Saad Mohamed N, Mabrouk Mai S, Eldeib Ayman M, Shaker Olfat G
Biomedical Engineering Department, Faculty of Engineering, Minia University, Minia, Egypt.
Biomedical Engineering Department, Faculty of Engineering, Misr University for Science and Technology, 6th of October City, Egypt.
J Adv Res. 2019 Jan 18;18:113-126. doi: 10.1016/j.jare.2019.01.006. eCollection 2019 Jul.
The human genome, which includes thousands of genes, represents a big data challenge. Rheumatoid arthritis (RA) is a complex autoimmune disease with a genetic basis. Many single-nucleotide polymorphism (SNP) association methods partition a genome into haplotype blocks. The aim of this genome wide association study (GWAS) was to select the most appropriate haplotype block partitioning method for the North American Rheumatoid Arthritis Consortium (NARAC) dataset. The methods used for the NARAC dataset were the individual SNP approach and the following haplotype block methods: the four-gamete test (FGT), confidence interval test (CIT), and solid spine of linkage disequilibrium (SSLD). The measured parameters that reflect the strength of the association between the biomarker and RA were the -value after Bonferroni correction and other parameters used to compare the output of each haplotype block method. This work presents a comparison among the individual SNP approach and the three haplotype block methods to select the method that can detect all the significant SNPs when applied alone. The GWAS results from the NARAC dataset obtained with the different methods are presented. The individual SNP, CIT, FGT, and SSLD methods detected 541, 1516, 1551, and 1831 RA-associated SNPs respectively, and the individual SNP, FGT, CIT, and SSLD methods detected 65, 156, 159, and 450 significant SNPs respectively, that were not detected by the other methods. Three hundred eighty-three SNPs were discovered by the haplotype block methods and the individual SNP approach, while 1021 SNPs were discovered by all three haplotype block methods. The 383 SNPs detected by all the methods are promising candidates for studying RA susceptibility. A hybrid technique involving all four methods should be applied to detect the significant SNPs associated with RA in the NARAC dataset, but the SSLD method may be preferred because of its advantages when only one method was used.

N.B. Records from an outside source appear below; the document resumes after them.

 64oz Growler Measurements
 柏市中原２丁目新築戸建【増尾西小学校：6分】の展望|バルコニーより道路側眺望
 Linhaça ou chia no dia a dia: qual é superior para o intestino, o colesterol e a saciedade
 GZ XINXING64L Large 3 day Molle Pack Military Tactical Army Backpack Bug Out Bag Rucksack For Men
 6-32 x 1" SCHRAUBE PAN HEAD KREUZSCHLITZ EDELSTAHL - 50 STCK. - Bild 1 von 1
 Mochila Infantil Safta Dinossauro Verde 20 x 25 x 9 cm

包含数千个基因的人类基因组带来了大数据方面的挑战。类风湿性关节炎(RA)是一种具有遗传基础的复杂自身免疫性疾病。许多单核苷酸多态性(SNP)关联方法将基因组划分为单倍型块。这项全基因组关联研究(GWAS)的目的是为北美类风湿性关节炎联盟(NARAC)数据集选择最合适的单倍型块划分方法。用于NARAC数据集的方法有个体SNP方法以及以下单倍型块方法:四配子检验(FGT)、置信区间检验(CIT)和连锁不平衡的坚实脊柱(SSLD)。反映生物标志物与RA之间关联强度的测量参数是经Bonferroni校正后的P值以及用于比较每种单倍型块方法输出结果的其他参数。这项工作对个体SNP方法和三种单倍型块方法进行了比较,以选择单独应用时能够检测出所有显著SNP的方法。展示了使用不同方法从NARAC数据集获得的GWAS结果。个体SNP、CIT、FGT和SSLD方法分别检测到541个、1516个、1551个和1831个与RA相关的SNP,并且个体SNP、FGT、CIT和SSLD方法分别检测到65个、156个、159个和450个其他方法未检测到的显著SNP。单倍型块方法和个体SNP方法共同发现了383个SNP,而所有三种单倍型块方法共同发现了1021个SNP。所有方法都检测到的这383个SNP是研究RA易感性的有前景的候选对象。应该应用一种涉及所有四种方法的混合技术来检测NARAC数据集中与RA相关的显著SNP,但由于仅使用一种方法时SSLD方法具有优势,所以它可能是更优选的方法。